Hi, can someone help me to identify why is this error happening?
We only experience that with large queries and not sure why.
thanks
There are also other flavors of the same happening:
ChannelClosedException: [FABRIC]: Channel closed /198.18.101.211:45678 ↔ /198.18.101.215:42096 (fabric server)
Above mentioned IP are Executor 2 and Executor 4 for example.
have you checked if the executors are crashing / restarting when the error occurs? If yes, I’d look for the exit code – 137 (out of memory) maybe?
I’ve seen cases in production where executors were killed because of out-of-memory situations on the OS level. Other cases with similar error messages were caused by high CPU load on the executor node(s) leading to timeouts when the executor was meant to reply to the coordinator (usual timeout in Dremio is 5000ms for that).

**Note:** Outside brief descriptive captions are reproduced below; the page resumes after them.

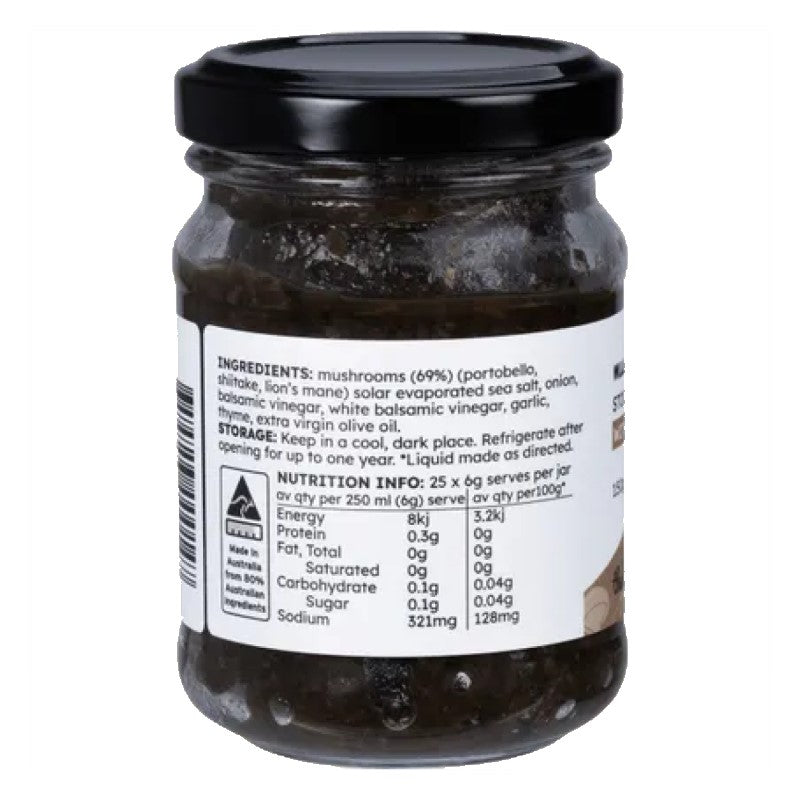 Superfood Mushroom Stock Concentrate - 170g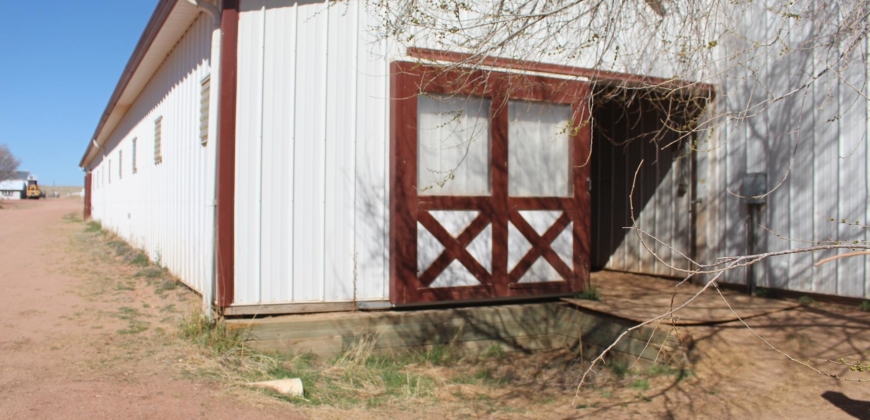 Fountain, CO 80817 – Exklusive Ranch auf riesiger Anlage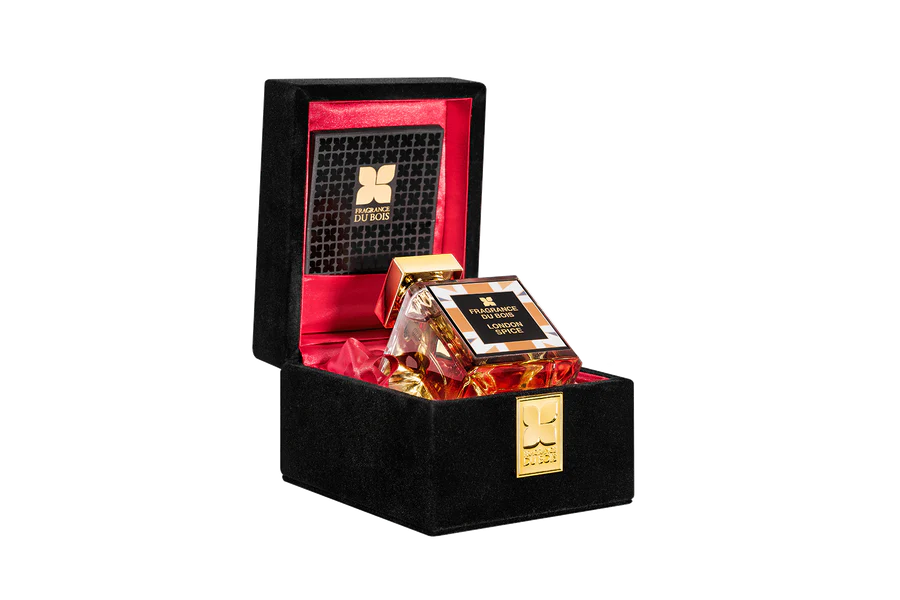 Fragrance Du Bois London Spice Parfum 3.4 oz Unisex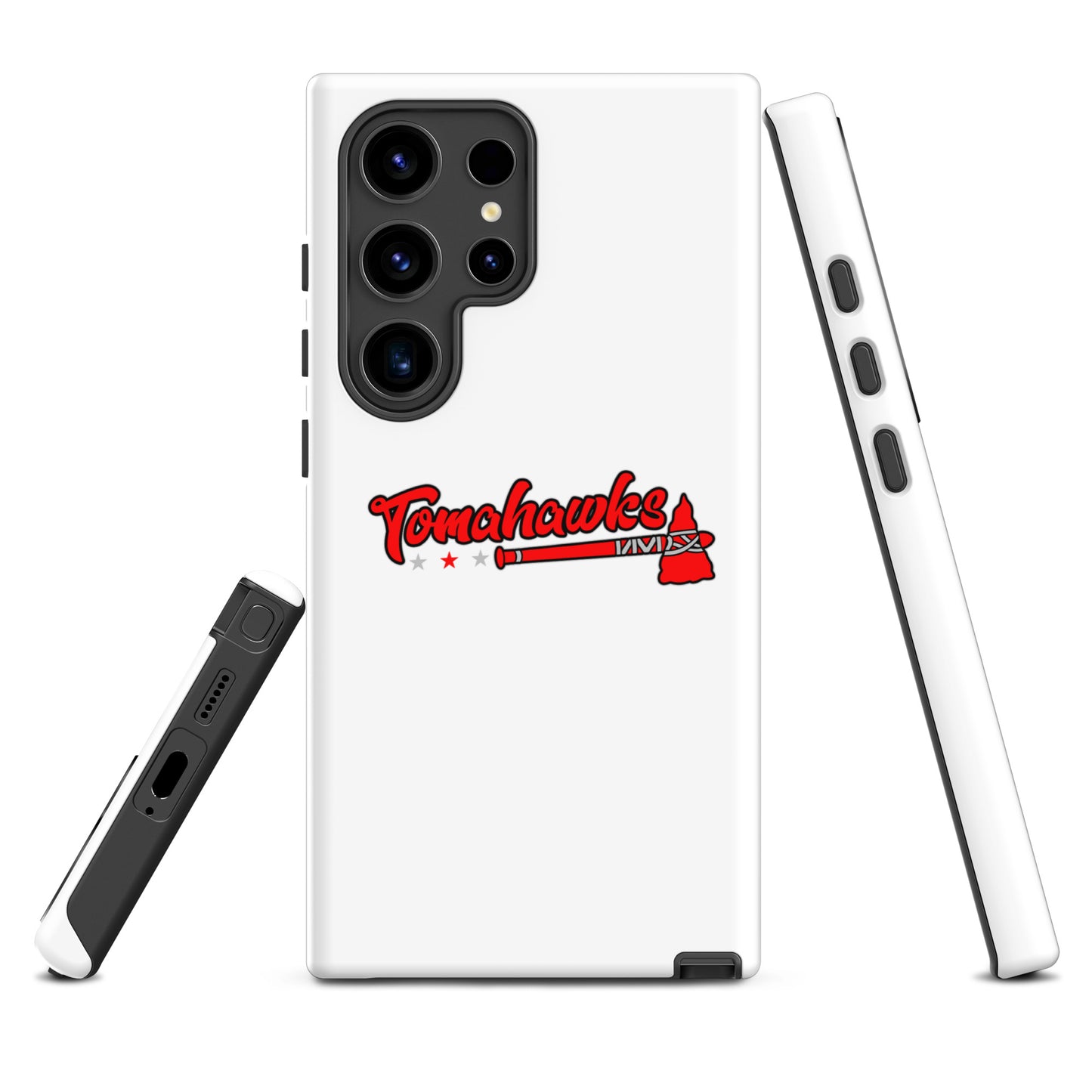 Tough Case for Samsung® | Tomahawks | Crest Logo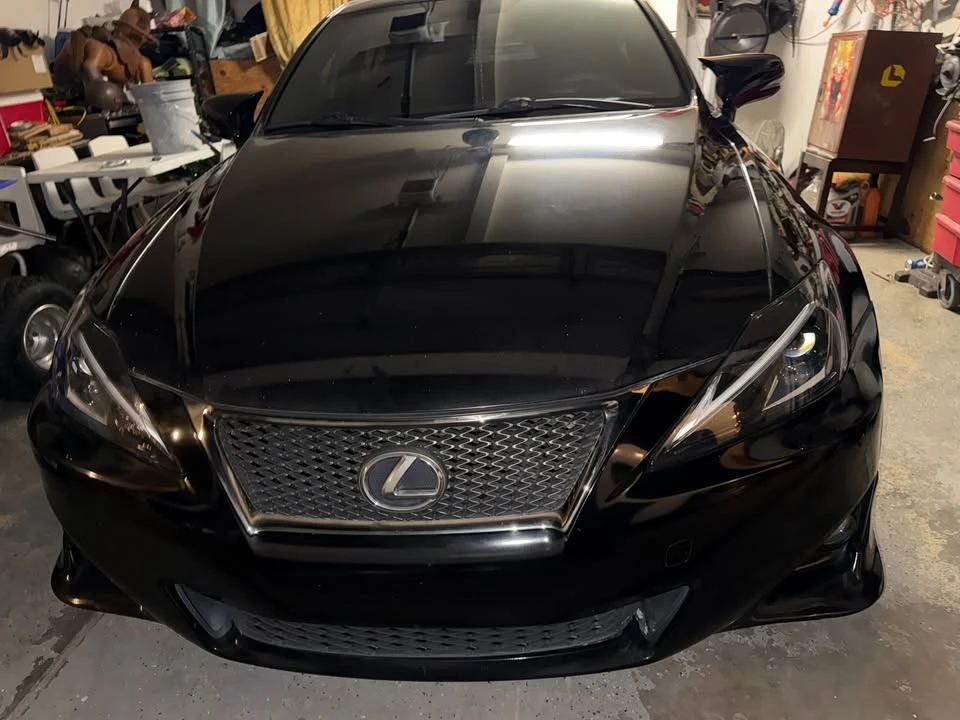 2011 Lexus IS 2nd Gen - Image 12 of 14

Like Dr Tim says, dremio-executor-4.dremio-cluster-pod.mlops-lakehouse.svc.cluster.local went unresponsive, any chance you send us the server.log, server.out (if writing to a persistent disk) and GC logs from that server. It should give us clues on why it went unresponsive
Hey @balaji.ramaswamy due to several redeployments I have lost the logs already, but I have another case.
it is simple update on big table that should be able to both parallelize and be split into manageable chunks, so no reason to over load the executors. during the operation the cpu and memory utilizations were not higher than 30%. and it failed after 7mins.